Extracted data entries>
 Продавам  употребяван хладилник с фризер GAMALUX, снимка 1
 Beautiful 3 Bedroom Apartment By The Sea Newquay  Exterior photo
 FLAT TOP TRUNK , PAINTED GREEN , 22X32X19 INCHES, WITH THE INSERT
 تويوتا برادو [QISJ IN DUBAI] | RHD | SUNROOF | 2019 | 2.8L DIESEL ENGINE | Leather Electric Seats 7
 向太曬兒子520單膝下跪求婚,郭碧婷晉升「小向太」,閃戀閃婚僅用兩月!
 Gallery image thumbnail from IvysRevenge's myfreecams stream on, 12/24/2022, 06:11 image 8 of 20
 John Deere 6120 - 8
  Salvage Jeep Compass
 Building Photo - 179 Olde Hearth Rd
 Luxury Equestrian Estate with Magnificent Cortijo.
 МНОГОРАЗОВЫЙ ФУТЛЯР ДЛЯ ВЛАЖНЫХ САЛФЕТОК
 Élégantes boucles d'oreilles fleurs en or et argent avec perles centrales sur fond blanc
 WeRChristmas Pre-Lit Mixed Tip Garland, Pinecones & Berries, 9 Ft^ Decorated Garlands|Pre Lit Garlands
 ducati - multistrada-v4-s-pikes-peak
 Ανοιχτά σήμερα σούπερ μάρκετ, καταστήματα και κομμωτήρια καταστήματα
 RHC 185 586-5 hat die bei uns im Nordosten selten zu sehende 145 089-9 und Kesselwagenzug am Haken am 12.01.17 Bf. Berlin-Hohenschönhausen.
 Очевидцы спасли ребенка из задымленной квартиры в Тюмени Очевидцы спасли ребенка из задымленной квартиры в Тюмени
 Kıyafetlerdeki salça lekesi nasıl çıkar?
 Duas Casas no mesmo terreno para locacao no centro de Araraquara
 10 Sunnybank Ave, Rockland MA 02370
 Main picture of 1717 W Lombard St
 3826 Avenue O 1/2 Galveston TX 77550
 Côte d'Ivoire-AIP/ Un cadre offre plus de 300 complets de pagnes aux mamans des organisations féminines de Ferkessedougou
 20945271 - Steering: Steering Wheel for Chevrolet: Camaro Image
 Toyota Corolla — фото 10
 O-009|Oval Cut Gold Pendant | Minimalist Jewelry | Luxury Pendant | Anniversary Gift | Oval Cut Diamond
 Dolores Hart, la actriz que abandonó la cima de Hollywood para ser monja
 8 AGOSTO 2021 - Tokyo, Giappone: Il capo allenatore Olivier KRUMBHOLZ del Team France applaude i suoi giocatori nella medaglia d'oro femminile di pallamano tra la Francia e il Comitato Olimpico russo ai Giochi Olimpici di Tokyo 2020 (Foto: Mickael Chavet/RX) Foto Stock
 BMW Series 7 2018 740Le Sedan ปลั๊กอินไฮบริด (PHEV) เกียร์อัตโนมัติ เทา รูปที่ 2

EXERCISE AIM> Each record above must be transcribed exactly, and none may be skipped.

TASK ANSWER>
 Продавам  употребяван хладилник с фризер GAMALUX, снимка 1
 Beautiful 3 Bedroom Apartment By The Sea Newquay  Exterior photo
 FLAT TOP TRUNK , PAINTED GREEN , 22X32X19 INCHES, WITH THE INSERT
 تويوتا برادو [QISJ IN DUBAI] | RHD | SUNROOF | 2019 | 2.8L DIESEL ENGINE | Leather Electric Seats 7
 向太曬兒子520單膝下跪求婚,郭碧婷晉升「小向太」,閃戀閃婚僅用兩月!
 Gallery image thumbnail from IvysRevenge's myfreecams stream on, 12/24/2022, 06:11 image 8 of 20
 John Deere 6120 - 8
  Salvage Jeep Compass
 Building Photo - 179 Olde Hearth Rd
 Luxury Equestrian Estate with Magnificent Cortijo.
 МНОГОРАЗОВЫЙ ФУТЛЯР ДЛЯ ВЛАЖНЫХ САЛФЕТОК
 Élégantes boucles d'oreilles fleurs en or et argent avec perles centrales sur fond blanc
 WeRChristmas Pre-Lit Mixed Tip Garland, Pinecones & Berries, 9 Ft^ Decorated Garlands|Pre Lit Garlands
 ducati - multistrada-v4-s-pikes-peak
 Ανοιχτά σήμερα σούπερ μάρκετ, καταστήματα και κομμωτήρια καταστήματα
 RHC 185 586-5 hat die bei uns im Nordosten selten zu sehende 145 089-9 und Kesselwagenzug am Haken am 12.01.17 Bf. Berlin-Hohenschönhausen.
 Очевидцы спасли ребенка из задымленной квартиры в Тюмени Очевидцы спасли ребенка из задымленной квартиры в Тюмени
 Kıyafetlerdeki salça lekesi nasıl çıkar?
 Duas Casas no mesmo terreno para locacao no centro de Araraquara
 10 Sunnybank Ave, Rockland MA 02370
 Main picture of 1717 W Lombard St
 3826 Avenue O 1/2 Galveston TX 77550
 Côte d'Ivoire-AIP/ Un cadre offre plus de 300 complets de pagnes aux mamans des organisations féminines de Ferkessedougou
 20945271 - Steering: Steering Wheel for Chevrolet: Camaro Image
 Toyota Corolla — фото 10
 O-009|Oval Cut Gold Pendant | Minimalist Jewelry | Luxury Pendant | Anniversary Gift | Oval Cut Diamond
 Dolores Hart, la actriz que abandonó la cima de Hollywood para ser monja
 8 AGOSTO 2021 - Tokyo, Giappone: Il capo allenatore Olivier KRUMBHOLZ del Team France applaude i suoi giocatori nella medaglia d'oro femminile di pallamano tra la Francia e il Comitato Olimpico russo ai Giochi Olimpici di Tokyo 2020 (Foto: Mickael Chavet/RX) Foto Stock
 BMW Series 7 2018 740Le Sedan ปลั๊กอินไฮบริด (PHEV) เกียร์อัตโนมัติ เทา รูปที่ 2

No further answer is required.